Another difference to basic ML tasks is quality assessment. From the very beginning, we wondered how exactly to tell if our algorithms are doing a good job. Naturally, we can use the ratio of recognized objects and special metrics (such as F1 and ROC-AUC) and employ IoU when detecting objects.

Let’s imagine that the algorithm successfully recognizes all species of plankton occurring in winter and that the metrics are satisfactory. But suddenly, the algorithm runs into an invasive species that it’s unfamiliar with, and this species quickly becomes more numerous than all the other plankton species in the lake. In this case, all the metrics will promptly drop as the known species decrease in quantity and unknown objects grow in presence. However, this shouldn’t be too much of an issue since it’s enough to memorize the new species’ outward appearance once. Consequently, the metrics will climb back to the “good” values. We can conclude that accuracy-type parameters may not be the best indicators in assessing the work of the algorithms.

As a result, like in most real-life tasks, we assess the most crucial parameter: how much time a specialist spends on average processing a single sample. Of course, such a high-level metric isn’t directly related to neural network metrics. But it’s nevertheless a reflection of the entire system’s usefulness, which is the very goal we’re striving to achieve with this project. Before starting the development, we measured the time the Research Institute employees would spend on one sample. On average, it comes to about a half-hour per sample. But to smooth out errors, the sample may be processed several times and the results of each count averaged.
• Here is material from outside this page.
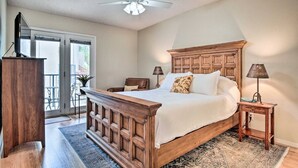 Une chambre avec un lit en bois, un ventilateur de plafond, une table de chevet avec une lampe, et une vue sur l’extérieur grâce à une porte coulissante.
We intend that the participation of a zooplankton specialist is not necessary for recording a sample. Although the algorithms’ training is still in progress, they already take over the labeling at times, and by January 2023, we’ll be automatically processing most of the common zooplankton species.

Here’s how general classification with the response-based decision-making process looks like:

In sum, we have an incoming stream of images where different objects appear in front of a more-or-less consistent background. We need to label these objects and later recognize them if possible. We combined these steps with manual image processing, as shown in the diagram.

During the development process, we didn’t have a clear understanding of all the nuances of the Research Institute specialists’ work, so first, we digitized the process “as is.” This is not to say that we didn’t observe how researchers handle the samples; however, just like in any other real task, there are thousands of caveats that we may not notice. As opposed to studying the sample with a microscope, a specialist now takes photographs by saving frames from the microscope’s camera into a sample cataloging environment built by our team. The researcher can then view the sample on a computer, select objects by labeling them with polygons, and assign certain classes to the objects. The summary card will generate automatically.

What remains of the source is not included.